(Source records)

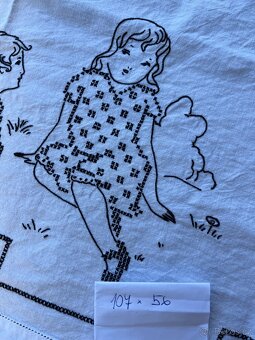 Staré vyšívané ubrusy, háčkované dečky a gobelínový přehoz - 9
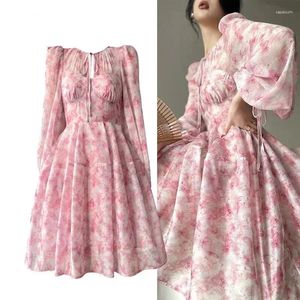 Casual Dresses Chic French Elegant Spring Pink Printing Holiday Dress for Women Lace Up O Neck Lantern Sleeve Flower Chiffon High midjan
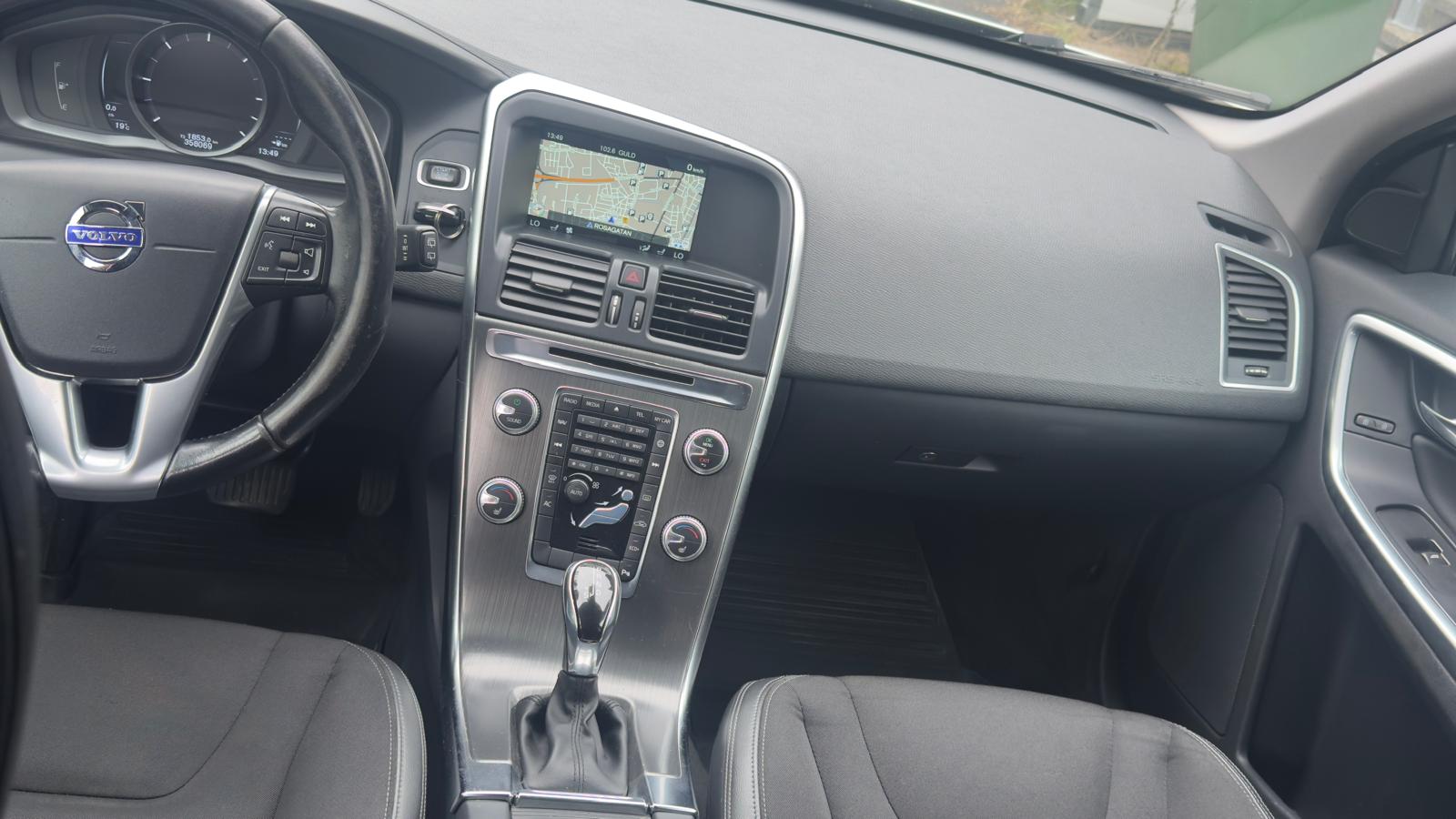 Volvo XC60 D4 Geartronic 2016, bild 6/6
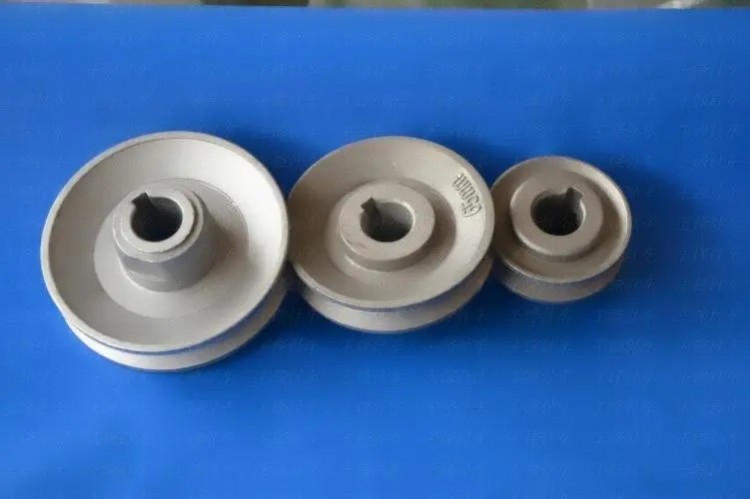 拆裝電動(dòng)機(jī)皮帶輪的方法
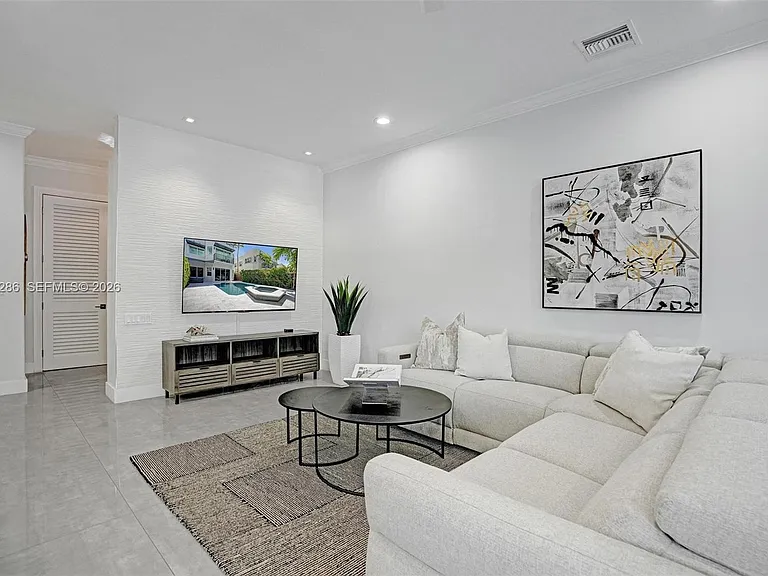 453 SW 5th Ave — Photo 18
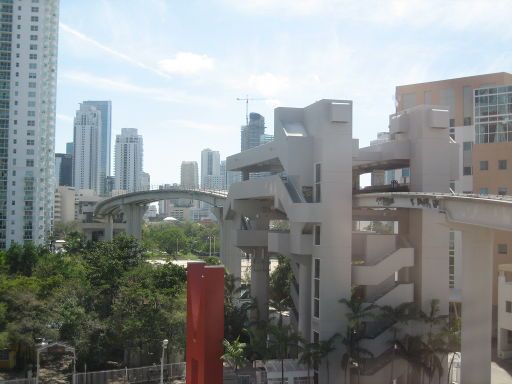 Miami-Dade Metromover, Miami, Florida, Vereinigte Staaten von Amerika, Aufzüge und Treppen einer Station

**Task to complete**. Reproduce all of the entries above word for word, but leave out their pictures.

**Answer to this problem**.
 Staré vyšívané ubrusy, háčkované dečky a gobelínový přehoz - 9
 Casual Dresses Chic French Elegant Spring Pink Printing Holiday Dress for Women Lace Up O Neck Lantern Sleeve Flower Chiffon High midjan
 Volvo XC60 D4 Geartronic 2016, bild 6/6
 拆裝電動(dòng)機(jī)皮帶輪的方法
 453 SW 5th Ave — Photo 18
 Miami-Dade Metromover, Miami, Florida, Vereinigte Staaten von Amerika, Aufzüge und Treppen einer Station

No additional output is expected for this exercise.